Below are the records. Retype, exactly, the lines from the first through the line with "An elegant event", and leave out the pictures.
_ _ _ _ _
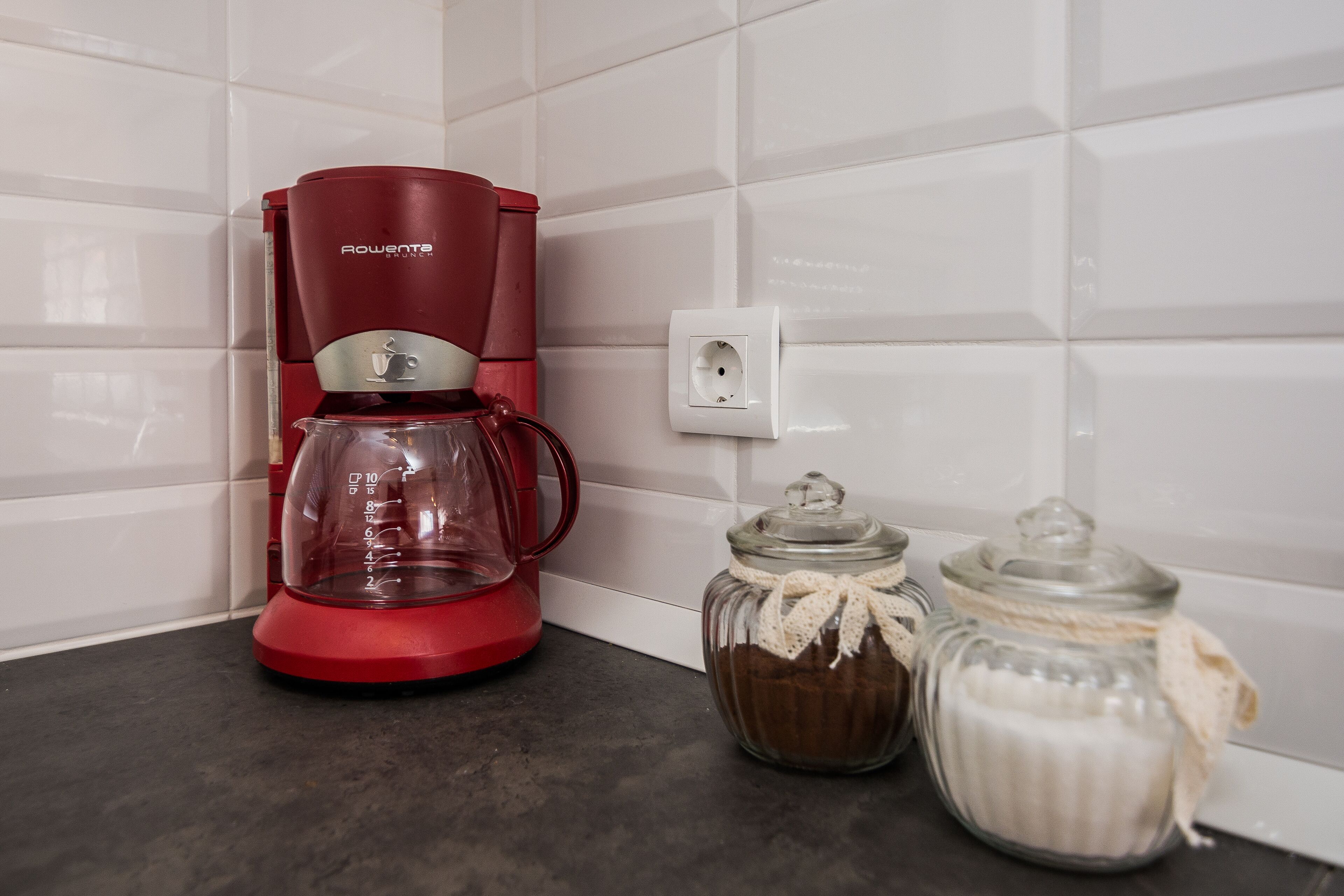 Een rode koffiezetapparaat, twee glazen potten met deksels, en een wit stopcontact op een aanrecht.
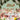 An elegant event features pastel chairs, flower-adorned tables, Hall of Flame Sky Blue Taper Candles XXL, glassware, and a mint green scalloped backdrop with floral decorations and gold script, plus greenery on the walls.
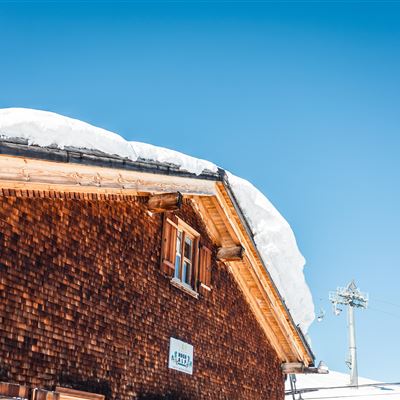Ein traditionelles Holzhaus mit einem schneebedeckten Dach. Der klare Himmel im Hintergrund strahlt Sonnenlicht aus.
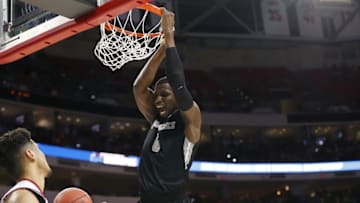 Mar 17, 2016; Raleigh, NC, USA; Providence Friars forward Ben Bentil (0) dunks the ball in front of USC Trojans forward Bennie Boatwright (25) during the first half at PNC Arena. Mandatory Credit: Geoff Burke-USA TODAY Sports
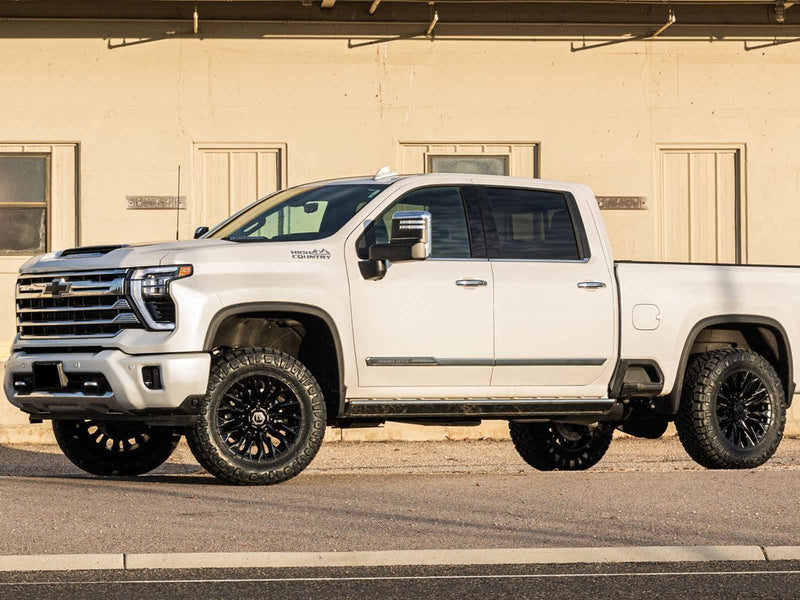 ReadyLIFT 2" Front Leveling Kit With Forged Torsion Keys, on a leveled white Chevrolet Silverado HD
_ _ _ _ _
> [Output of the exercise]
 Een rode koffiezetapparaat, twee glazen potten met deksels, en een wit stopcontact op een aanrecht.
 An elegant event features pastel chairs, flower-adorned tables, Hall of Flame Sky Blue Taper Candles XXL, glassware, and a mint green scalloped backdrop with floral decorations and gold script, plus greenery on the walls.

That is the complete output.